History is full of infamously bad predictions. “Rail travel at high speed is not possible because passengers, unable to breathe, would die of asphyxia.” — Dionysius Lardner

“The horse is here to stay, but the automobile is only a novelty, not a fad.” — The president of the Michigan Savings Bank, advising Henry Ford’s lawyer not to invest in Ford Motor Company __

“The cinema is little more than a fad. What audiences really want to see is flesh and blood on the stage.” — Charlie Chaplin

Trying to predict the future is hard, especially when we’re talking about complex customer relationships. Your health score can help and should be able to do two core things: (1) alert you to smoke before there’s fire, and (2) help you understand what’s driving sentiment, effort and outcomes not just for individual customers, but aggregate segments of customers, to drive more customer-centric decision-making.

We recently discussed why sentiment and effort signals from unstructured organic feedback must be featured in customer health scores. When your customer relationships are your most important asset, it’s critical to seize any opportunity you have to get ahead of changes, especially at scale.

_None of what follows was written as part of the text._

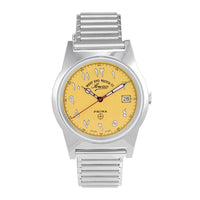 West End Souq Collection 38mm Stainless Steel Quartz Watch Yellow Dial with Arabic Numerals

The ultimate goal of scoring customer relationship health is to avoid outcomes like churn or achieve outcomes like renewal and expansion the day-to-day interactions your customers have with your business play a starring role in the outcomes you can expect. This means that health scores need to be as predictive as possible and be useful in both individual and aggregate contexts.

Is your customer health score dynamic enough to reliably predict the outcomes that your customers and your business care about? Here are two important questions to consider.

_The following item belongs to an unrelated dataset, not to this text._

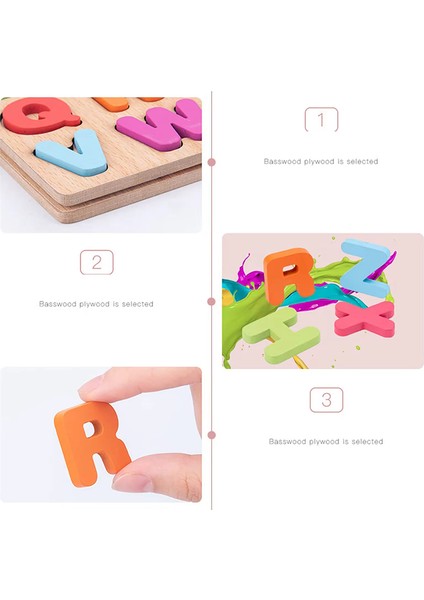 Bebek Ahşap Bulmaca Montessori Oyuncakları 1 2 Yaş Yürümeye Başlayan Çocuk Alfabe Sayı Hayvanlar Eşleşen Ahşap Bulmaca Oyunları Çocuk Eğitici Oyuncaklar (Yurt Dışından) fırsatları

Can Your Health Score Alert You To Smoke Before There’s Fire?

Most Customer Success Managers oversee somewhere between 50 and 500 accounts, so Success teams use health scores to know which accounts need attention at any given time. The catch is the “ at any given time” bit — any CSM who’s been blind-sided by unexpected churn knows things can go sideways in the blink of an eye.

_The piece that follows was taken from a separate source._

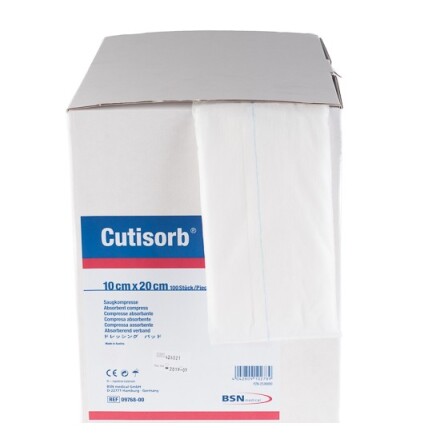 Kompress 4 lag nonwoven osteril Cutisorb 10x20 cm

Maybe a support interaction is in danger of going off the rails. Perhaps multiple users from the same company are reaching out about the same issue. Or the same how-to question is coming up repeatedly, and the customer could benefit from some platform training. With demands on CSM time and attention only growing, it’s critical to know when proactive outreach can help save the day — ideally, your health score is dynamic enough to help trigger just that. A health score that captures sentiment, effort, and important themes across your customer interactions can help you flag issues that need your attention before they spiral into risks.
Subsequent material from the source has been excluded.